When our kids grew up and got married, I got a daughter-in-law and a grandchild whose birthdays came out on that same festive week, giving us more reasons to celebrate. And as the family grew, we put in more table leaves, bought more portable chairs, and set up a separate area for the kids in the living room and around the kitchen table. I guess the next step will be a buffet, but I can’t get my head around that yet. Thanksgiving is a time to sit around a table, Norman Rockwell-style.

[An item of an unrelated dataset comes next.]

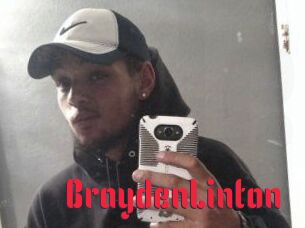 Brayden_Linton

Every November I try, mostly in vain, to find some kind of Thanksgiving-appropriate tableware. One year I actually found turkey-themed napkins in the shuk (three packages for NIS 10), and another I found crepe-paper turkeys which I carefully fold up and use from year to year, even if they are a little worn and Scotch-taped.

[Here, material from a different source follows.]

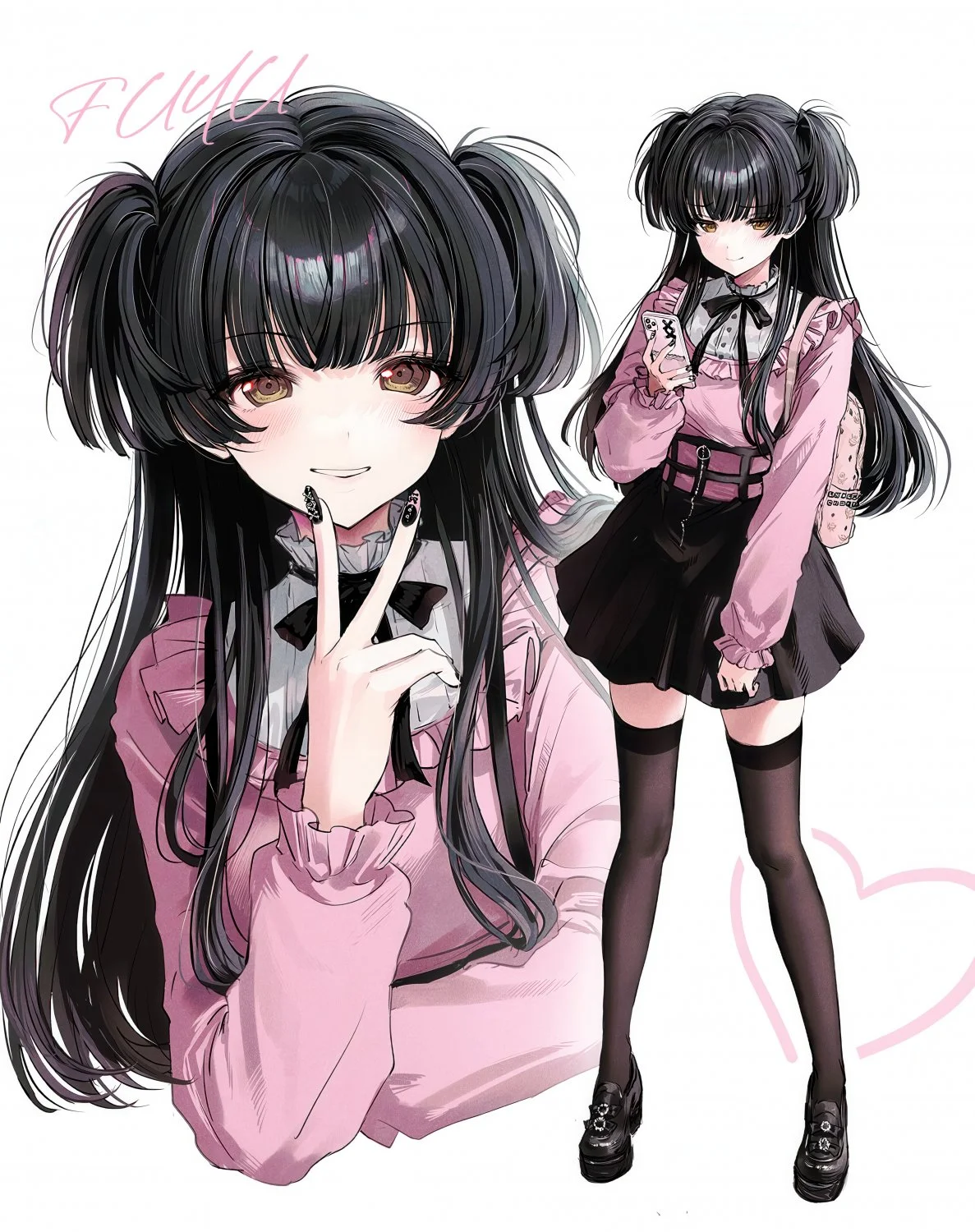 Hentai [2] image 13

My daughters both married Sephardim and so my grandchildren are versed in matboucha, moufleta, humous, and lots and lots of Middle Eastern spices that would have astounded my own American-born Mom (a boiled chicken aficionado who considered salt the only spice worth using). I admit to a certain inferiority complex in cooking for my grandchildren. I can offer them no kebabs. No highly spiced fish smothered in red peppers and onions. No Tunisian couscous.
I tried feeding them baked macaroni and cheese but they couldn’t figure it out, and even my own kids weren’t mad about it. But after years of enticing them into my home on Thanksgiving and introducing them to plates overfilled with American comfort foods, I have made my own sly inroads in the grandmother sweepstakes.

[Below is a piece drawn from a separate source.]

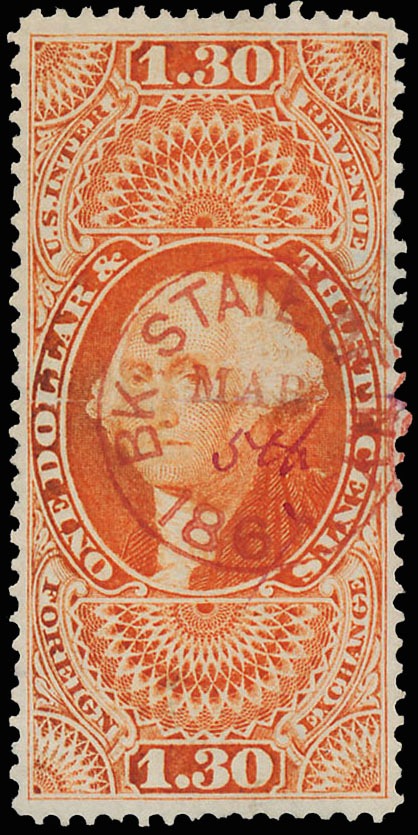 Lot 97964 - R77c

When you can get your teenage grandchildren to actually tear themselves away from the many more enticing pleasures young Israelis now have at their disposal in the cyber age, to visit grandma and grandpa, you know you’ve done something right. As my granddaughter said just the other day: “Thanksgiving (well, she actually said Hag Hahodaya) has the best food.”
While they all received American citizenship years ago, they will never really be Americans. But at least on Thanksgiving, they can bask in the one custom that we didn’t leave behind.
And that’s okay. Their other grandmother has her Mimouna, and I expect if I knew more, I could point to the special festivals of Jews from Ethiopia, Tunisia, Libya, Syria, Russia, etc. – provenances that other Jews are keeping alive in the Israeli melting pot. For the most part, I think melting is good. I spoke to the head of the genetic testing unit at Hadassah University Medical Center years ago, and she told me that with all the intermarriage between different Jewish nationalities, genetic diseases among Israeli Jews were disappearing rapidly.
I’m sure our customs will soon follow.
One day, it will be hard to find natives celebrating Thanksgiving in Israel.
I personally think that’s a shame. It’s a beautiful holiday that fits right in with Jewish values: Blessing God communally for getting you through hard times.
Helping your neighbors. Expressing gratitude for abundance.
This is our 43rd Thanksgiving dinner in Israel. Seeing my sons and daughters, their spouses and their sons and daughters all gathered together around the relatively modest Middle Eastern bird, bathed in the light of the menorah, I feel what I have always felt since I stepped off the plane from my birthplace to come to this country which gave birth to me anew, but allowed me to keep something of my past: A big, heartfelt thanks for all my blessings of yesterday, today and tomorrow.